'''

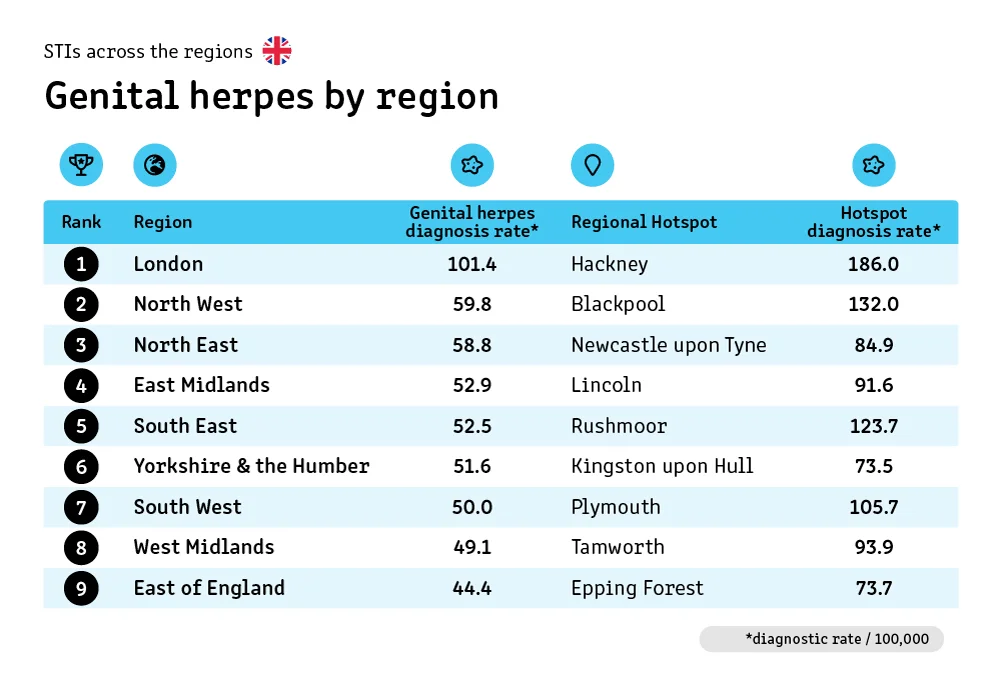 Genital herpes by region.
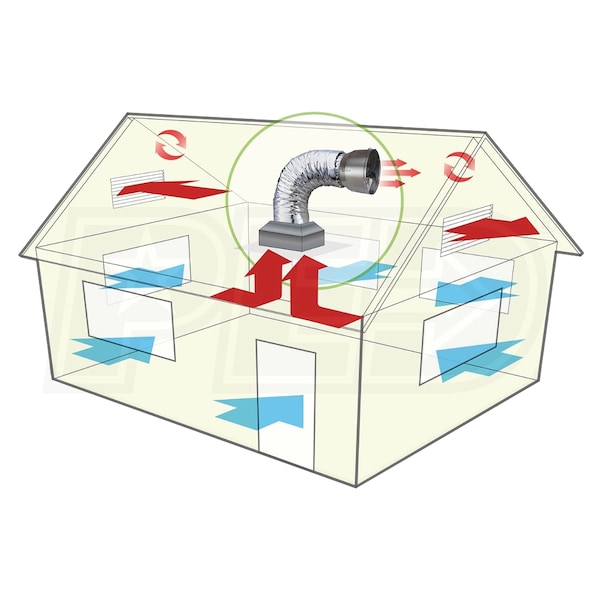 Field Controls 4,522 CFM Everest Series Whole House Fan w/ 2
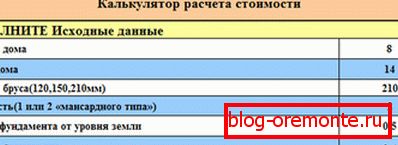 Появата на GUI за изчисляване на разходите Появата на GUI за изчисляване на разходите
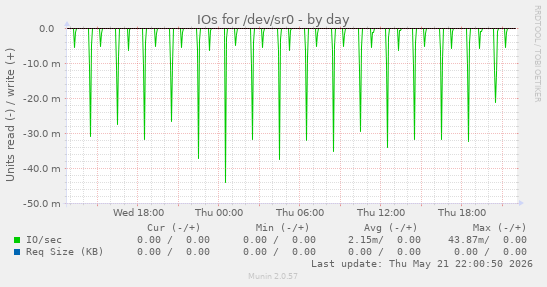IOs for /dev/sr0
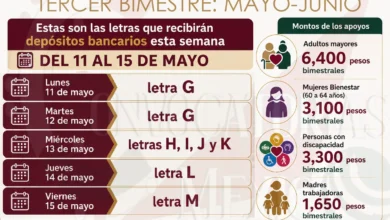 Pensiones del Bienestar Estas son las letras que recibirán depósitos bancarios esta semana del 11 al 15 de mayo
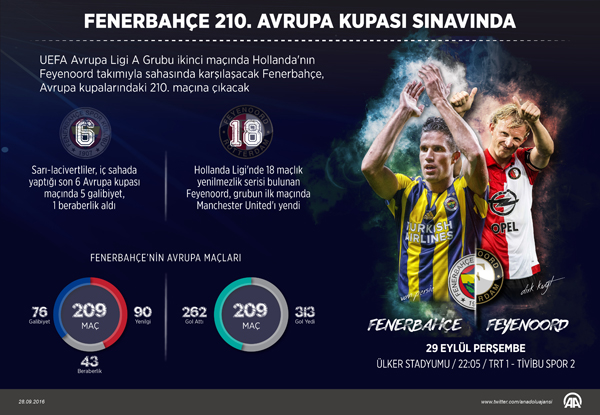 F.Bahçe 210. Avrupa sınavında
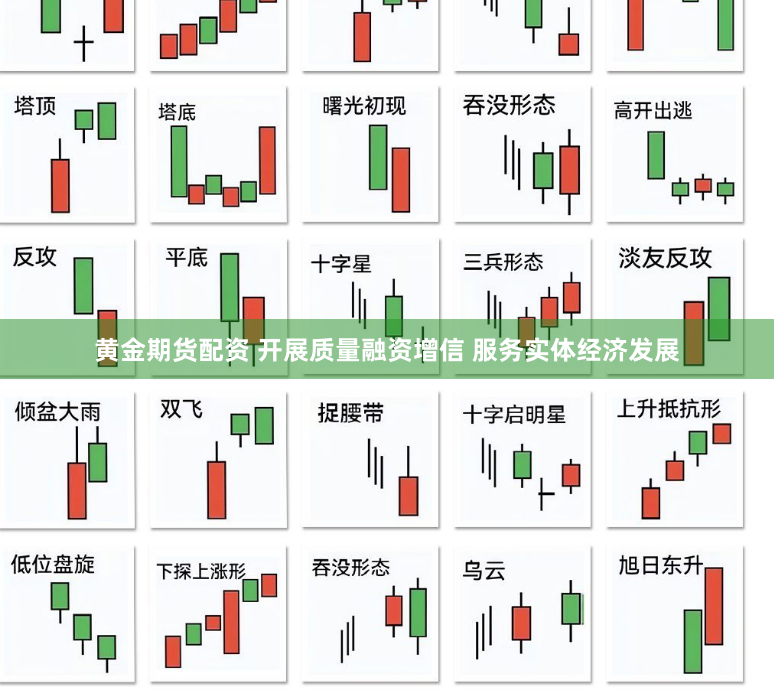 黄金期货配资 开展质量融资增信 服务实体经济发展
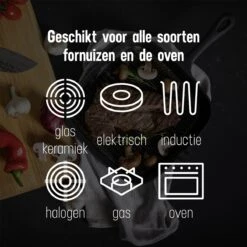 Daumonet Auguste Noir Gietijzeren Grillpan - Steakpan Zwart - PFAS & PFOA Vrij - Vierkant Met Schenktuit - 23,5 Cm - 2 Liter - Emaille - Alle Warmtebronnen - Elektrisch - Gas - Halogeen - Inductie - Keramisch 6 Daumonet Auguste Noir Gietijzeren Grillpan - Steakpan Zwart - PFAS & PFOA Vrij - Vierkant Met Schenktuit - 23,5 Cm - 2 Liter - Emaille - Alle Warmtebronnen - Elektrisch - Gas - Halogeen - Inductie - Keramisch -Keuken Pot 1200x1200 1650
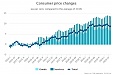 In May, annual deflation 0.6% registered in Latvia In May, annual deflation 0.6% registered in Latvia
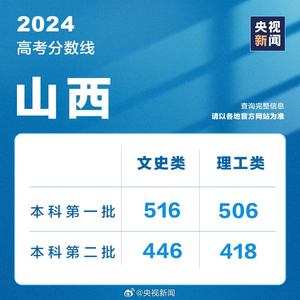 2024年新澳六舍资料,数字化全局管控系统_先锋版50.74.15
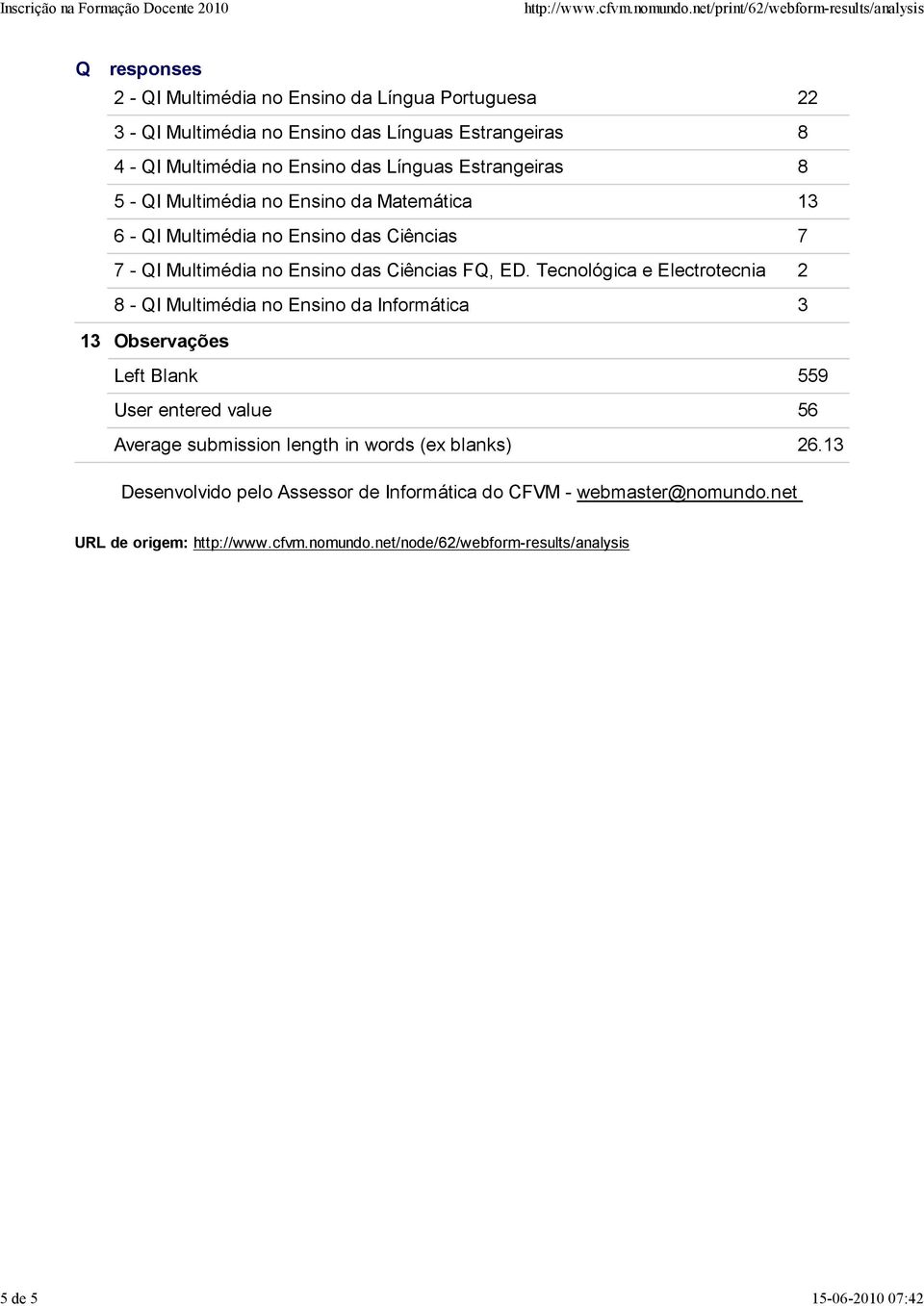 ED. e Electrotecnia 2 8 - I Multimédia no Ensino da Informática 3 13 Observações Left Blank 559 User entered value 56 Average submission length in words (ex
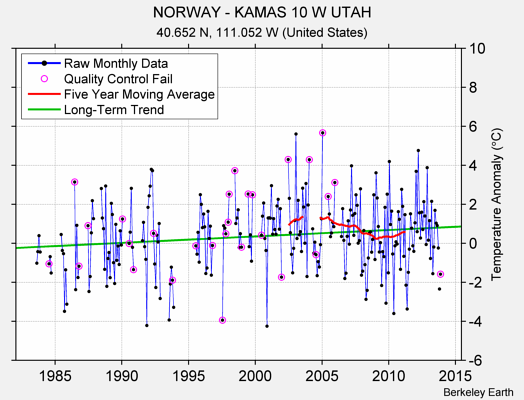 NORWAY - KAMAS 10 W UTAH Raw Mean Temperature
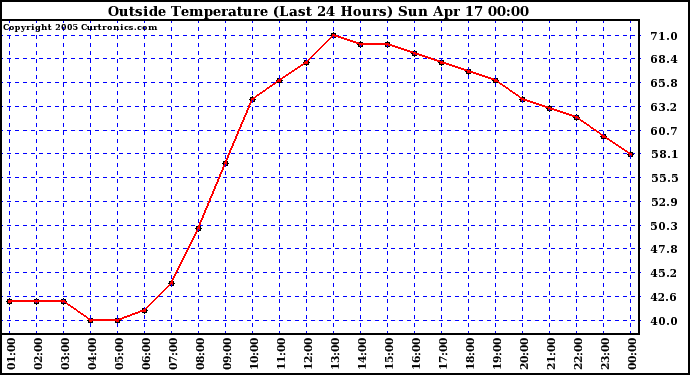  Outside Temperature (Last 24 Hours) 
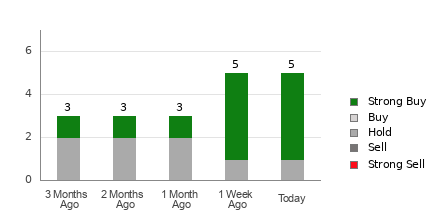 Broker Rating Breakdown Chart for FIX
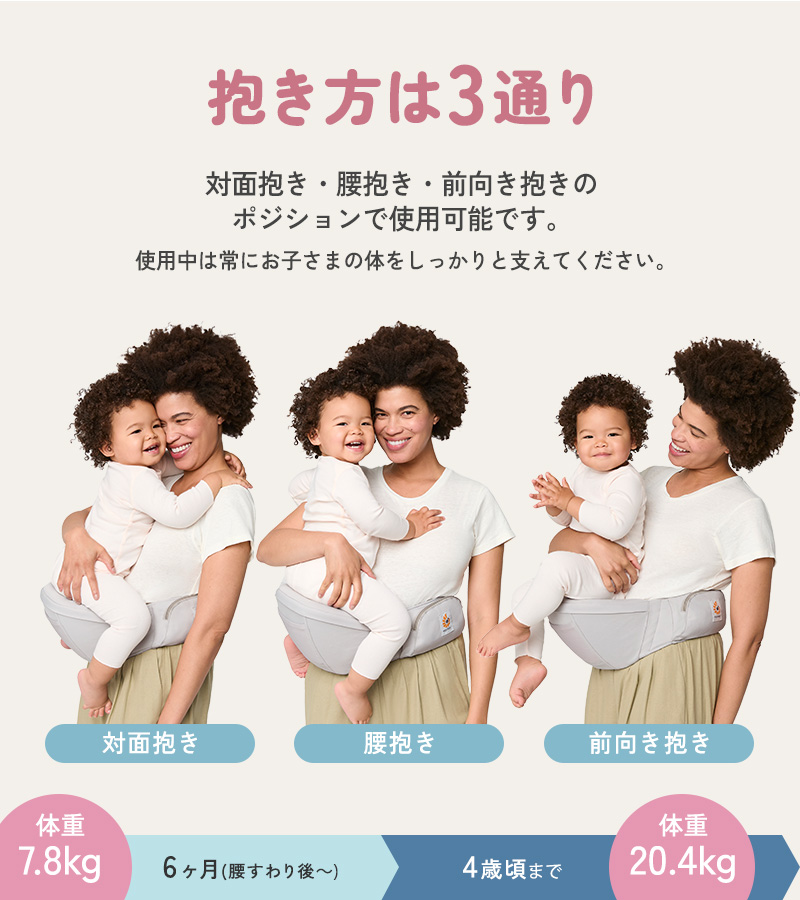 Ergobaby Lift リフト ヒップシート CREGBCHIPGRYBX 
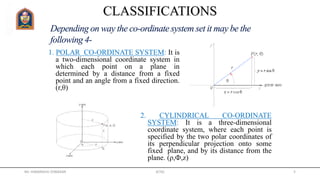 1. POLAR CO-ORDINATE SYSTEM: It is
a two-dimensional coordinate system in
which each point on a plane in
determined by a distance from a fixed
point and an angle from a fixed direction.
(r,θ)
2. CYLINDRICAL CO-ORDINATE
SYSTEM: It is a three-dimensional
coordinate system, where each point is
specified by the two polar coordinates of
its perpendicular projection onto some
fixed plane, and by its distance from the
plane. (ρ,Ф,z)
Mr. HIMANSHU DIWAKAR JETGI 5
 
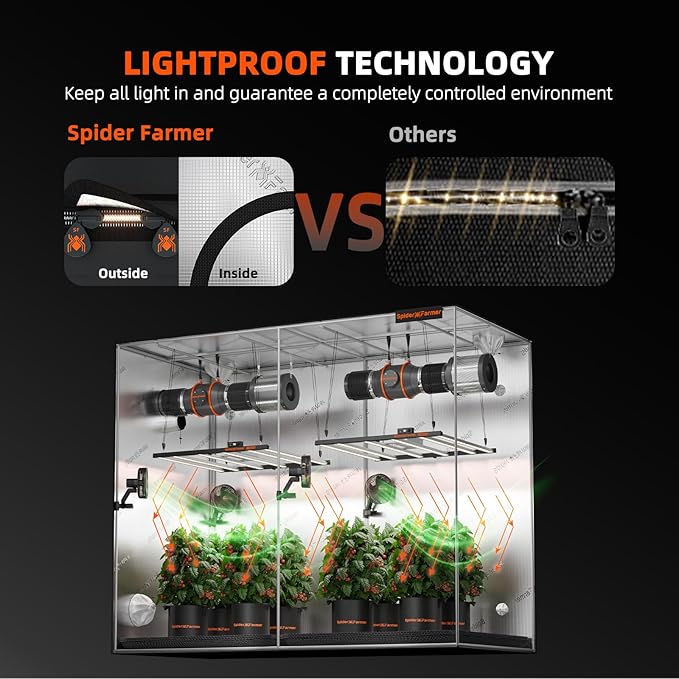 Spider Farmer 10x5 Grow Tent 2025 New, 120"x60"x80", with Hook for Controller and Power Strip, 1680D Thicken Mylar Canvas, Enlarged View Window for Indoor Hydroponic Growing for SF7000, SE7000, G7000 - Image 2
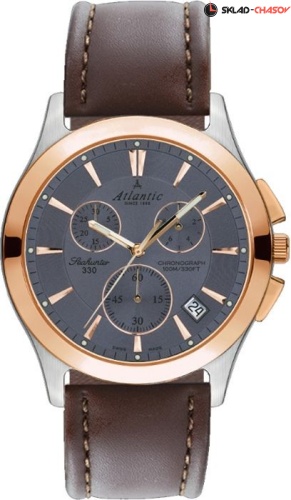 Мужские Atlantic Seahunter 71460.43.41R фото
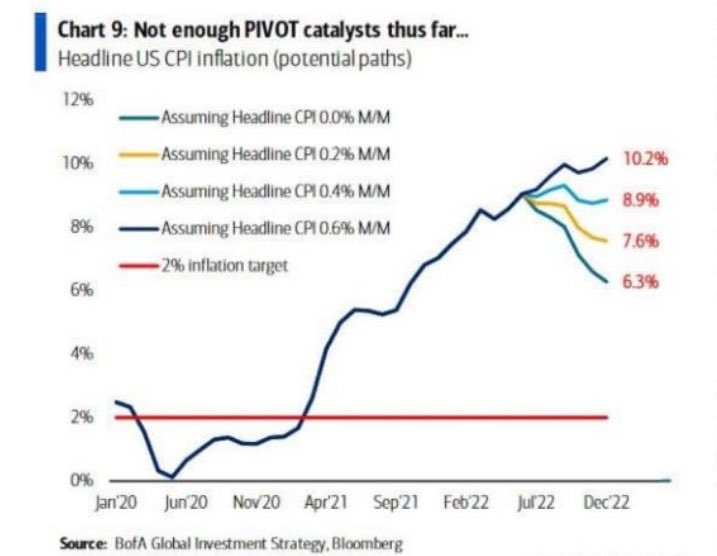 Simulazione «what if» del tasso di inflazione a dicembre 2022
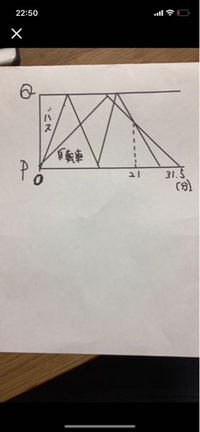 2地点p Qがあります バスは P Q P Q Pと一定の速さで2往 Yahoo 知恵袋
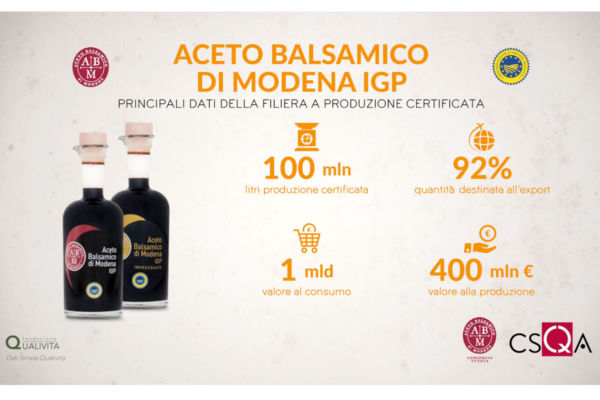 Aceto Balsamico di Modena IGP infographic. Balsamic vinegar bottles, production stats, export data, and economic impact.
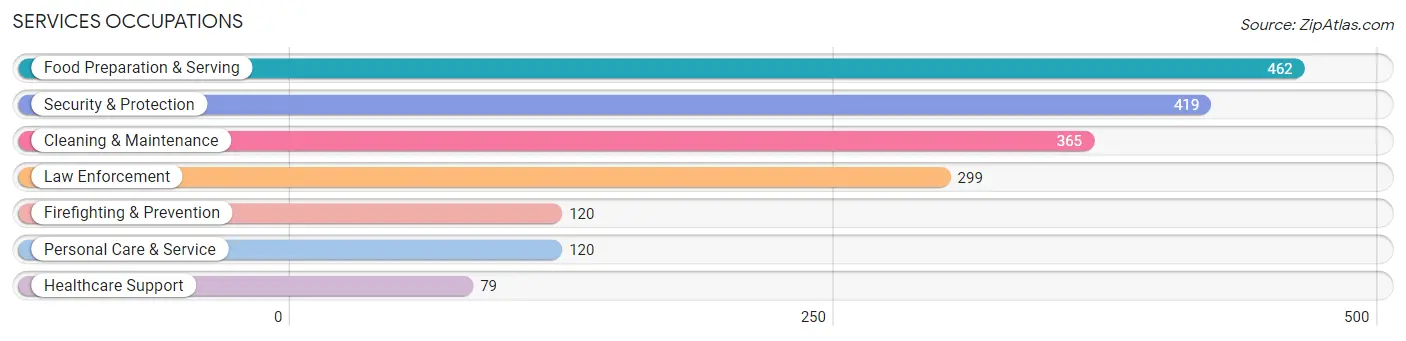 Services Occupations in Zip Code 32433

'''

* TASK GOAL *
With the pictures left out, return all the material above exactly.

* RESPONSE AREA *
 Genital herpes by region.
 Field Controls 4,522 CFM Everest Series Whole House Fan w/ 2
 Появата на GUI за изчисляване на разходите Появата на GUI за изчисляване на разходите
IOs for /dev/sr0
 Pensiones del Bienestar Estas son las letras que recibirán depósitos bancarios esta semana del 11 al 15 de mayo
 F.Bahçe 210. Avrupa sınavında
 黄金期货配资 开展质量融资增信 服务实体经济发展
 Daumonet Auguste Noir Gietijzeren Grillpan - Steakpan Zwart - PFAS & PFOA Vrij - Vierkant Met Schenktuit - 23,5 Cm - 2 Liter - Emaille - Alle Warmtebronnen - Elektrisch - Gas - Halogeen - Inductie - Keramisch 6 Daumonet Auguste Noir Gietijzeren Grillpan - Steakpan Zwart - PFAS & PFOA Vrij - Vierkant Met Schenktuit - 23,5 Cm - 2 Liter - Emaille - Alle Warmtebronnen - Elektrisch - Gas - Halogeen - Inductie - Keramisch -Keuken Pot 1200x1200 1650
 In May, annual deflation 0.6% registered in Latvia In May, annual deflation 0.6% registered in Latvia
 2024年新澳六舍资料,数字化全局管控系统_先锋版50.74.15
 ED. e Electrotecnia 2 8 - I Multimédia no Ensino da Informática 3 13 Observações Left Blank 559 User entered value 56 Average submission length in words (ex
 NORWAY - KAMAS 10 W UTAH Raw Mean Temperature
  Outside Temperature (Last 24 Hours) 
 Broker Rating Breakdown Chart for FIX
 Ergobaby Lift リフト ヒップシート CREGBCHIPGRYBX 
 1. POLAR CO-ORDINATE SYSTEM: It is
a two-dimensional coordinate system in
which each point on a plane in
determined by a distance from a fixed
point and an angle from a fixed direction.
(r,θ)
2. CYLINDRICAL CO-ORDINATE
SYSTEM: It is a three-dimensional
coordinate system, where each point is
specified by the two polar coordinates of
its perpendicular projection onto some
fixed plane, and by its distance from the
plane. (ρ,Ф,z)
Mr. HIMANSHU DIWAKAR JETGI 5
 
 Spider Farmer 10x5 Grow Tent 2025 New, 120"x60"x80", with Hook for Controller and Power Strip, 1680D Thicken Mylar Canvas, Enlarged View Window for Indoor Hydroponic Growing for SF7000, SE7000, G7000 - Image 2
 Мужские Atlantic Seahunter 71460.43.41R фото
 Simulazione «what if» del tasso di inflazione a dicembre 2022
 2地点p Qがあります バスは P Q P Q Pと一定の速さで2往 Yahoo 知恵袋
 Aceto Balsamico di Modena IGP infographic. Balsamic vinegar bottles, production stats, export data, and economic impact.
 Services Occupations in Zip Code 32433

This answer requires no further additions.